With the Fed’s expected no-action at last week’s July monetary policy meeting, the focus will shift back to data watching as the Fed looks to “assess realized and expected economic conditions relative to its objectives of maximum employment and 2 percent inflation.” Candidly, the data we’ve been getting has been anything but supportive of the next interest rate hike move, which explains why the timetable has continued to slip. Per the Fed Rate Monitor Tool, the Fed meeting with the highest probability of ending in a rate hike is March 2018, and it stands at a whopping 39 percent.
We here at Tematica see a bigger hurdle to get through before the next Fed rate hike, namely the normalizing of the Fed’s balance sheet. Plain and simple, this unwinding of the Fed’s QE efforts is something we’ve never seen before. While the Fed is signaling what is to come, as Tematica’s Chief Macro Strategist Lenore Hawkins recently said on an episode of the Cocktail Investing Podcast, it’s likely to be like a cat wearing silk slippers while ice skating – meaning it could be all over the place and not what was expected.
With that hurdle ahead of us, which is slated to begin as soon as September, there is a good chance that once again September could be one of the worst months of the calendar year for the stock market.

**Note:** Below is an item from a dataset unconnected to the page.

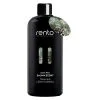 Rento Arctic Pine 400 Ml Löylytuoksu -PISLA Myymälä 6410416004846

According to the “Stock Trader’s Almanac,” on average, September is the month when the stock market’s three leading indexes usually perform the poorest. Since 1950, the month of September has seen an average decline in the Dow Jones Industrial Average of 1.1 percent, while the S&P 500 has averaged a 0.7 percent during the month. Looking at the Nasdaq Composite Index, which was established in 1971 it too has fallen during September averaging a 1 percent decline.
Some might say, “but those are averages” and while that is true, with market valuations extended, Washington filled with even more uncertainty after last week, reports of North Korea inching along on its weapons progress and uncharted territory for the Fed, as we head into a seasonally weak time of year for the stock market, we see uncertainty taking investor mindshare over the coming weeks. It could lead to some additional upside in the overall market, but more likely, we see it range bound with more downside risk than upside surprise to be had.
As we continue to assess and reassess the underlying economic foundation and juxtapose thematic data points, the glass half full view is any pullback in the market in the coming weeks will take the current froth out of the market and allow investors to buy stocks and ETFs at better prices. The end of 2017 isn’t too far away and much like you, we shake our heads as we say that given we are only about to enter August, but from our experience, it pays to be looking forward.